Members of Third Street Writer’s group, a nonprofit dedicated to promoting writing in Laguna Beach, recently visited the art display “Piece-ful Protest”. This is an essay from that outing.

Amid the stitches, the weaving and fabric, the stories emerge.

Reflecting back on me as if I were looking into a mirror of societal collapse. The discord. The hate. The oppression. All lined up and staring at me as I wander through Bridge Hall at the Neighborhood Congregation Church and view “Piece-ful Protest” by Allyson Allen.

This idyllic, light-filled room with glistening hard wood floors is welcoming what others did not want to see – did not want to confront. Those who prefer blinders over vision. This beautiful exhibit was removed from the walls on the town’s bank because it made clients uncomfortable. But this is exactly what art should be: An offering of new perspectives, an opportunity to link our shared, common humanity in all its beauty and pain.

As I walk and look, I empathize with the Native Americans who’ve walked the Trail of Tears, disheartened how our country devolved to remove its original residents.

I stare at the beautiful, black silken stomach, stretched into a thickened orb. The mother’s hand cupped into a universal caress of the life within.

I read the list of man’s scars cast upon the land. The atrocities that women still suffer because of their sex.

I am reminded that the homeless digging through trash for food are people, whose veins pump blood, whose stomachs ache with emptiness and whose hearts break.

Visitors, white, middle-class, middle-aged, and mostly female, wind their way past the exhibit.

“Powerful, isn’t it?”

“Amazing.”

“I’ve never seen that done before.”

“I once had a history class about native American people. After it I was so mad at the American government – how could we do that?”

A quilt from Allyson Allen’s “Piece-ful Protest” exhibition was removed from Wells Fargo in Laguna Beach on Wednesday. Photo courtesy of Community Art Project

These quilts reflect not just the chaos of COVID-19, but the constant crises within our world. I wish I could climb into the fabric and, stitch by stitch undue the injustices perpetrated on the vulnerable – as if doing so could just unravel the past.
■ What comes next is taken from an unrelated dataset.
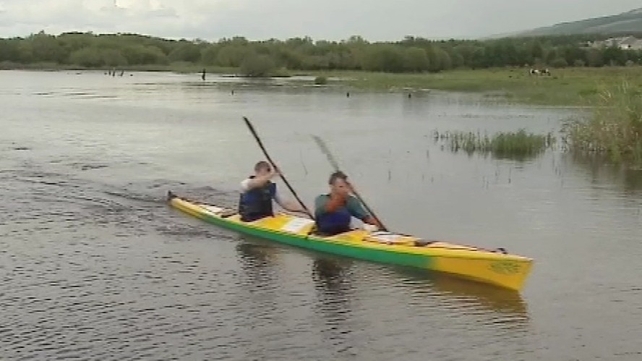 Wesley Bourke and Aisa Cooper set off from Cavan this morning Wesley Bourke and Aisa Cooper set off from Cavan this morning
Instead, I look. I despair. I remind myself that those with much have an obligation to those with less.

But justice—this huge concept of who has what—access to food, water, opportunity, the right to walk in the street unafraid (especially from those who are supposed to protect them) this concept is too big. If found it will burst through the walls of this church hall. It would be a tsunami crashing all around.

And then another group of middle-aged, middle-class ladies wander in.

And as they stare at the intricate weaves of multi-colored fabric forming a blending face and a border that reads “Racism is the pandemic” a woman chortles.

“I remember Jim used to say (name of ethnic group deleted by author) are thugs, not people.” A smirking laugh erupts. “I told him not to say that.”

And on they move, to the next quilt— to the next captured injustice.

And to my shame, I did not say anything. I did not explain how repeating offensive comments, even just to criticize them, is not okay. How the words we use, the things we say, the choices we make, every day, they matter. I know silence equals consent. And I was silent.

The issues are so overwhelming.

Incarceration. Rape. Hate – one red hat at a time. Immigration. Racism.
I am grateful Allen addresses these atrocities—stitch by stitch.
Now it’s time to do my part to shut down that hate and injustice—word by word.

Theresa is a freelance writer who marvels at the wondrous, thought-provoking art that is found throughout Laguna Beach. When not attending Third Street workshops she can be found paddling on the Pacific Ocean.

Editor’s Note: Allyson Allen’s showing of “Piece-ful Protest” continues through April 24. It is open from noon to 3 p.m. Thursdays through Sundays at Bridge Hall, Neighborhood Congregation Church, 340 St. Anne’s Dr.